■ Data segment:
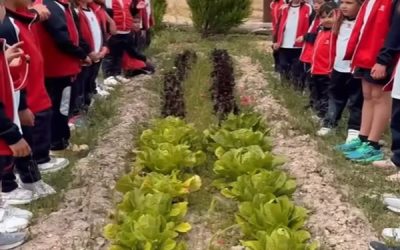 Cosecha con sabor a trabajo en equipo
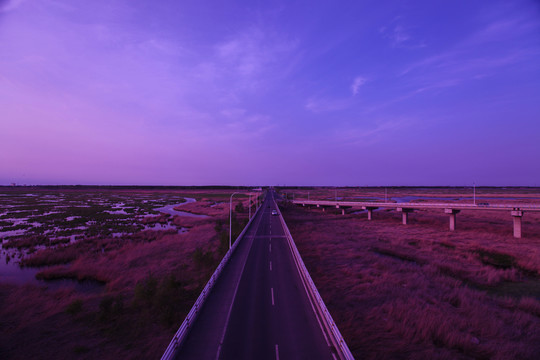 大庆湿地大桥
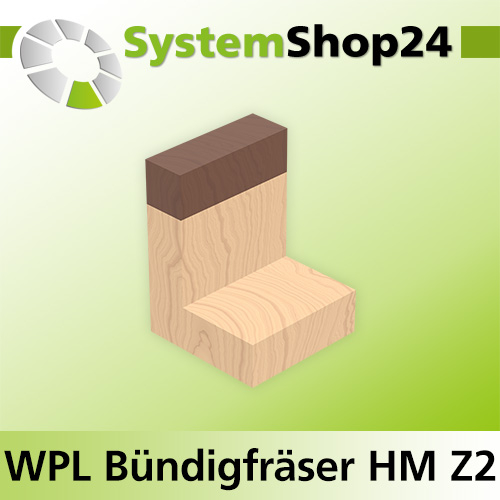 Systemshop24 Wendeplatten-Bündigfräser mit Kugellager am Schaft Z2 D19mm (3/4") AL49,5mm GL91mm S8mm RL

■ What is needed:
Skipping all pictures, set the listing down exactly as written.

■ Response to this task:
 Cosecha con sabor a trabajo en equipo
 大庆湿地大桥
 Systemshop24 Wendeplatten-Bündigfräser mit Kugellager am Schaft Z2 D19mm (3/4") AL49,5mm GL91mm S8mm RL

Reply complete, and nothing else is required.